Le conglomérat pétrolier et métallurgique a décidé en février de se diversifier dans la fabrication de puces et a formé une coentreprise avec Foxconn de Taiwan. L’investissement total prévu est de 20 milliards de dollars.

Vedanta cherche à obtenir des incitations du gouvernement fédéral du Premier ministre Narendra Modi et est également en pourparlers avec plusieurs États indiens. Après avoir obtenu des subventions, et une fois que ses accords définitifs seront en place, la société prévoit de lever une dette bancaire pouvant atteindre 3 milliards de dollars.

“Nous avons des relations financières bancaires dans toute l’Inde. Nous sommes en train de leur parler”, a déclaré Akarsh Hebbar, directeur général mondial de l’activité écrans et semi-conducteurs de Vedanta.

La société est également à la recherche d’un directeur général pour sa coentreprise avec Foxconn, a déclaré Hebbar, ajoutant que les employés de Foxconn seront déployés pour son usine de semi-conducteurs, qui devrait commencer à fonctionner en 2025.

Vedanta cherche à obtenir des incitations telles que 405 hectares de terrain gratuit, ainsi que de l’eau et de l’électricité à moindre coût auprès des gouvernements des États, dans le cadre de son incursion dans les semi-conducteurs et les écrans, a rapporté Reuters en exclusivité jeudi.

La société vise la mi-mai pour la sélection du site d’un État, et est en “discussions avancées” avec le Gujarat et le Maharashtra dans l’ouest et le Telangana dans le sud de l’Inde, a déclaré Hebbar en marge de la première conférence sur les semi-conducteurs du pays, qui se tient dans le centre technologique de Bengaluru.

L’entreprise a également approché les États de Karnataka et d’Odisha pour y implanter ses usines, et attend les réponses du gouvernement sur les incitations qu’elle pourrait obtenir, a-t-il ajouté.

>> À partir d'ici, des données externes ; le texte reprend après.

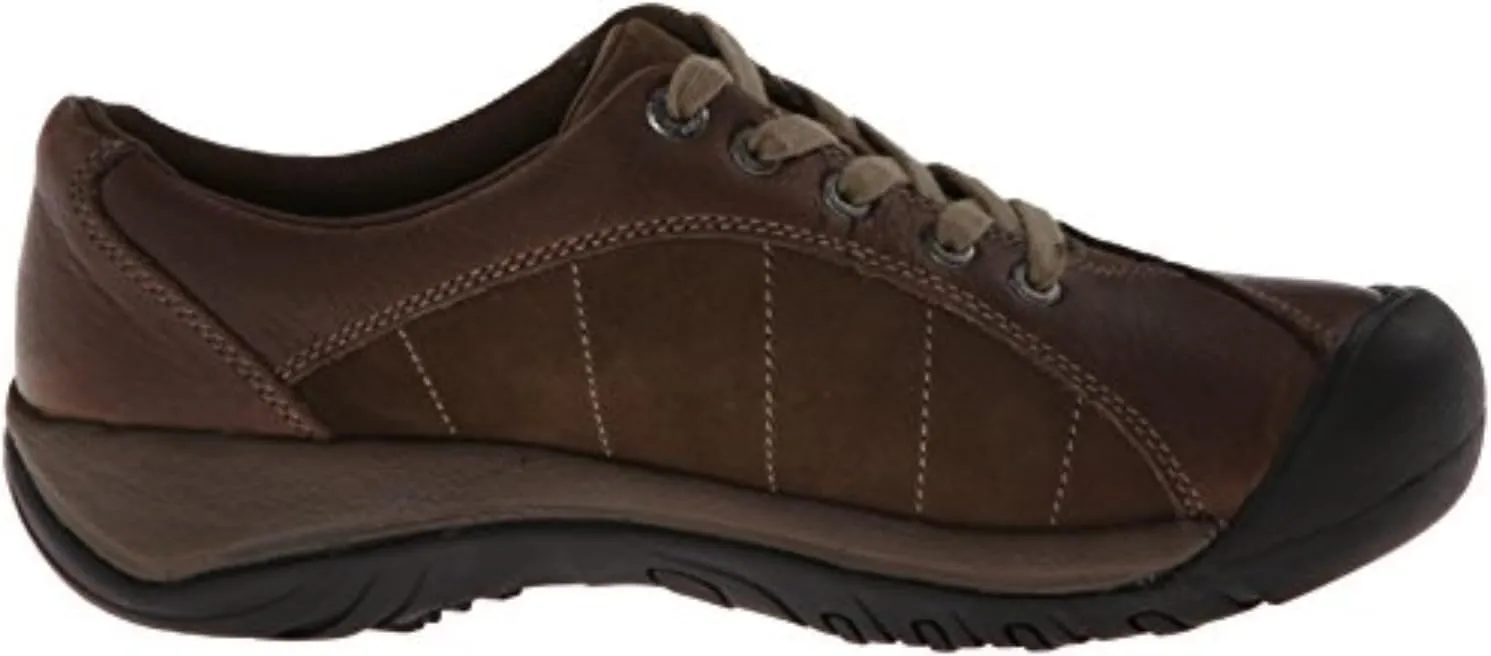 KEEN Women's Presidio Casual Comfortable Oxford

L’entreprise espère un retour sur investissement de 10-15% sur 15-20 ans et un “seuil de rentabilité pourrait se situer quelque part au milieu”, a-t-il ajouté.

Vendredi, M. Modi et ses ministres des technologies de l’information ont exposé les grandes lignes de leurs projets d’incitations à l’investissement, en déclarant à la conférence qu’ils souhaitaient que l’Inde devienne un acteur clé du marché mondial des puces, aujourd’hui dominé par les fabricants de Taïwan et de quelques autres pays.

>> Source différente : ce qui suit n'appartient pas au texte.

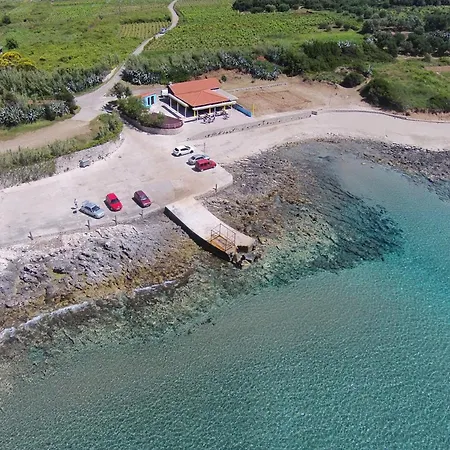 Appartement By The Sea Lumbarda, Korcula - 22503 Lumbarda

M. Hebber a déclaré que les semi-conducteurs étaient essentiels pour faire de l’Inde une plaque tournante de l’électronique et qu’ils attireraient les fournisseurs et les assembleurs de dispositifs à s’installer en Inde.

“La même révolution qui s’est produite en Chine finira par se produire ici”, a-t-il déclaré.

Le marché indien des semi-conducteurs devrait atteindre 63 milliards de dollars d’ici 2026, contre 15 milliards en 2020, selon le gouvernement.